The training employs the Adam optimizer with a learning rate of $10^{-4}$, adjusted by a multiplicative learning rate scheduler. The authors ensure a fair comparison with baseline models by maintaining identical hyperparameter settings and architectures. For the distributed framework (DF), mini-batch sizes are adjusted based on the number of relays to prevent memory overflow on the GPU. The models are trained and tested across different signal-to-noise ratios (SNRs) of -5, -10, and -15 dB, leading to the training of 12 distinct DF models. Additionally, for the quantization framework (QF) multi-hop setting, the validation outputs are processed using K-means clustering to compute quantization centers, and the test set is evaluated through a quantization-dequantization process, with results detailed in subsequent sections.

Discussion

In this section, the authors discuss a multi-hop wireless image transmission framework utilizing Deep Joint Source-Channel Coding (DeepJSCC) and Deep Hash Distillation (DHD) to enhance semantic alignment in reconstructed images. The problem is formulated around transmitting a source image $ S $ through $ r $ relay nodes connected by additive white Gaussian noise (AWGN) channels. The performance is evaluated using average Peak Signal-to-Noise Ratio (PSNR) and Learned Perceptual Image Patch Similarity (LPIPS), with the latter providing a better alignment with human perception. The proposed scheme integrates a DHD module that generates semantic hashes to facilitate improved image reconstruction quality, particularly in terms of perceptual similarity.

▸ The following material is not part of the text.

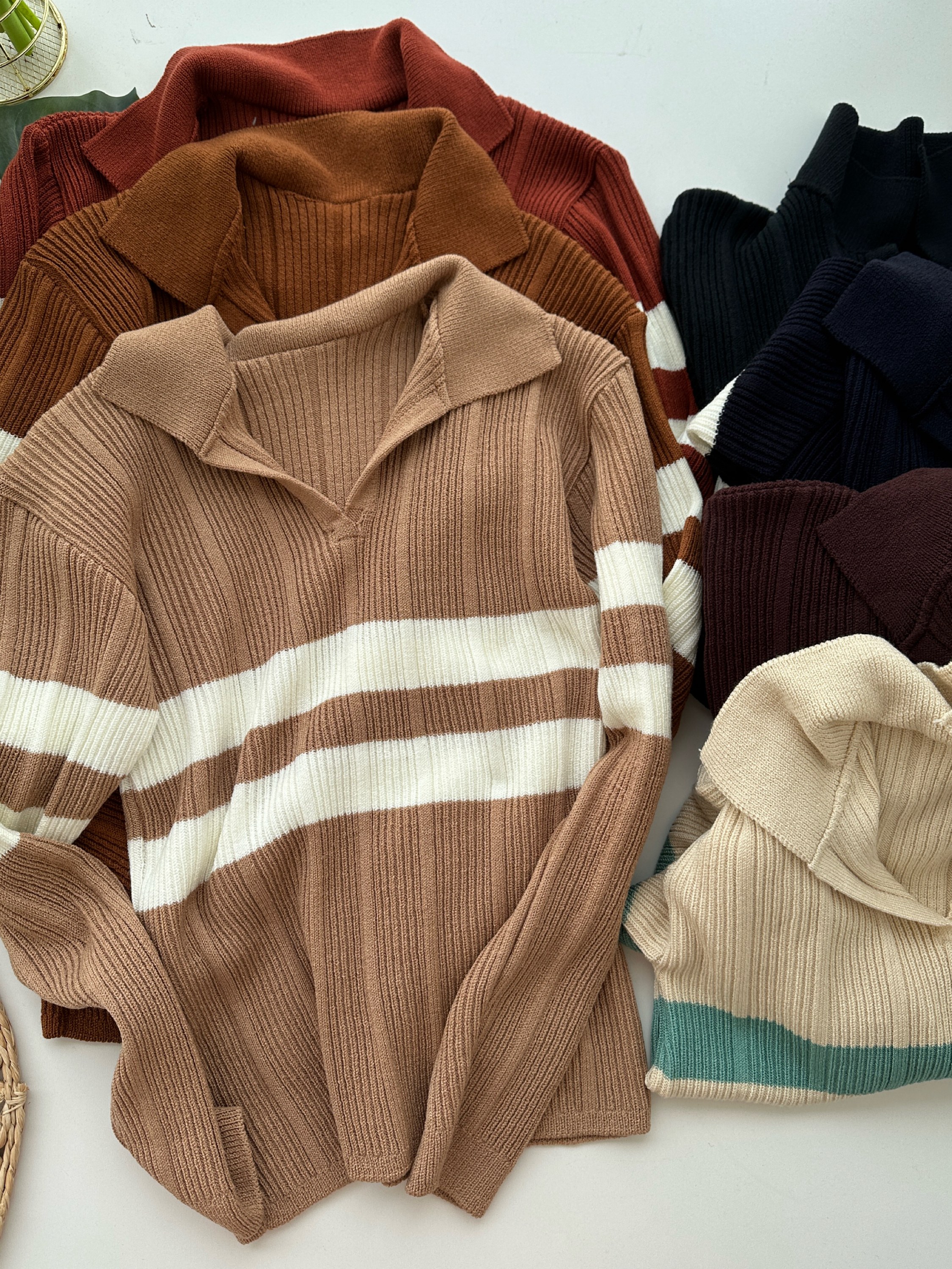 Tricô manga longa gola v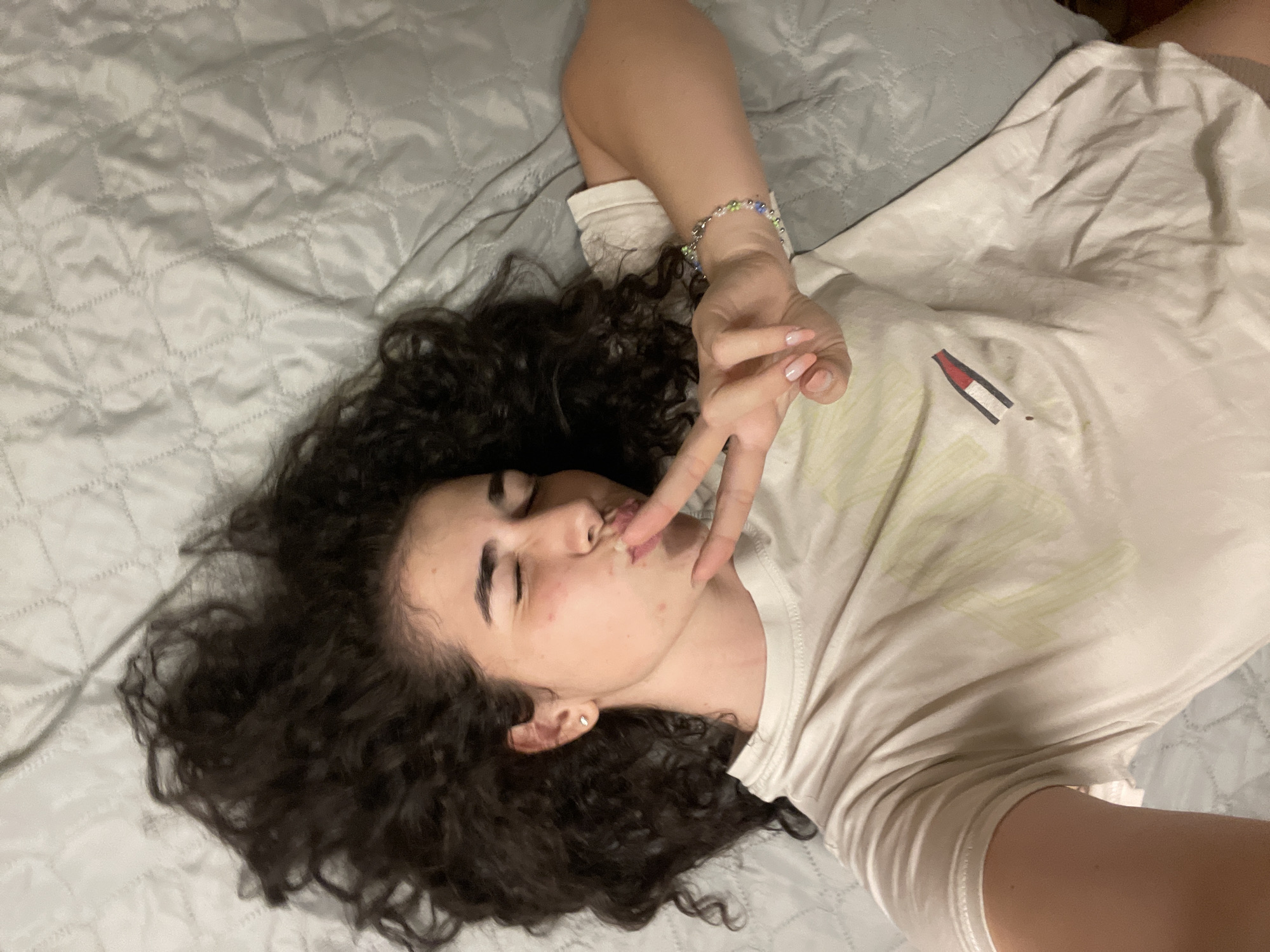 In Sofia, Bulgaria, a young woman with curly dark hair lies on a quilted grey surface, appearing to be a bed or sofa. She is wearing a light-colored t-shirt with a graphic design on the front and a colorful beaded bracelet on her wrist. Her eyes are closed, and she is puckering her lips while holding up two fingers in a peace sign. The lighting suggests an indoor setting, possibly a bedroom.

The experimental results indicate that while the proposed DeepJSCC-DHD scheme achieves higher perceptual quality (lower LPIPS scores) compared to baseline methods, it exhibits a trade-off with PSNR, particularly as the number of hops increases. This suggests that the system prioritizes semantic alignment over pixel-wise accuracy. In the Quantize-and-Forward (QF) setting, the proposed method maintains stable semantic alignment even under high noise conditions, demonstrating its robustness and potential applicability in security-oriented contexts. Overall, the findings highlight the effectiveness of combining DeepJSCC with DHD for enhancing semantic alignment in multi-hop relaying systems, paving the way for future applications in perceptually-driven and secure image transmission.